Expression of PRKC isoforms has been associated with poor prognosis in non-small cell lung cancer (NSCLC) (55). In our combined LSCC and LUAD dataset, we identified module Lung-3, which was made up of 21 phosphosites (Fig. 4A). These phosphosites included PRKC isoforms B, D, E, Q, all of which have been associated with reduced drug sensitivity, increased cell survival, proliferation, invasion, migration, evasion of apoptosis, anchorage-independent growth, progression, chemotaxis, as well as cell cycle progression (55) making this module potentially interesting for therapy. We found phosphosites of both CDK12 and CDK13 to be strongly correlated to the module scores of this module (CDK13-T871: p < 9e-84, corr = 0.79; CDK12-T893: p < 4e-140, corr = 0.90) (Fig. 4, B and C), where the CDK12 site is part of the module, and the CDK13 site is not. Additional potential regulators included PDGFA, PRKCD, PRKCZ, and PRKRA, indicating a potential role for ceramide metabolism (56) in this module (Fig. 4, B and C). Further, we found that the Lung-3 module scores were significantly correlated with a mutation in the platelet-derived growth factor receptor alpha gene PDGFRA (adj-p = 0.036) (Fig. 2C). This gene has been shown to play a role in wound healing and tumor progression in a variety of cancers (55). In summary, this module encompasses multiple co-correlated paralogs of PRKC that may be co-regulated by CDK12/CDK13, potentially via the ceramide pathway and PRKRA. Many of the protein kinase C phosphopeptides in this module are also highly similar to each other while not being identical (supplemental Fig. S7B), which would be consistent with these phosphosites being phosphorylated by the same kinase or family of kinases. Interestingly, we found a highly similar module (p < 2e-10) in our breast cohort (BRCA-38), containing phosphosites in PRKCB and PRKCD as well as CDK12 and CDK13 (supplemental Fig. S7, C and D).
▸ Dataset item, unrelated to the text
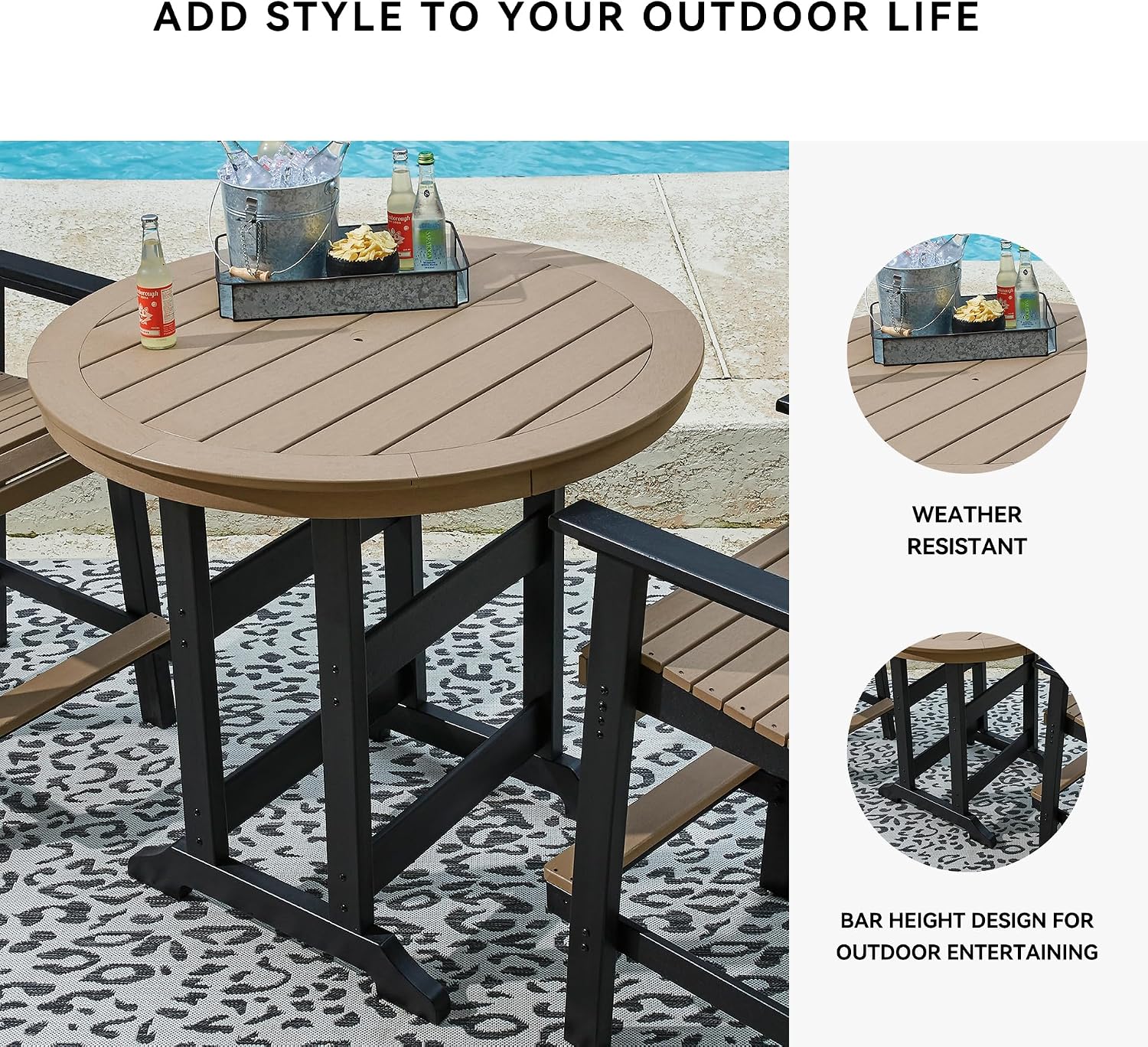 Signature Design by Ashley Fairen Trail Outdoor Bar Table, Durable Weather Resistant HDPE, with Umbrella Hole for Patio Dining, Black and Driftwood, 46 Inch Round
Fig. 4 — **Module Lung-3.**A, module plot for Lung-3, including heatmap of normalized phosphosites for samples *versus* module phosphosites, GO-term annotations, and annotations. B, top nominated regulators that are not also part of the module phosphosite list. C, top nominated regulators regardless of module membership. Trendlines in (B) and (C) are not representative of listed r and p-values, which were calculated using spearman correlation (scipy.stats.spearmanr with default arguments).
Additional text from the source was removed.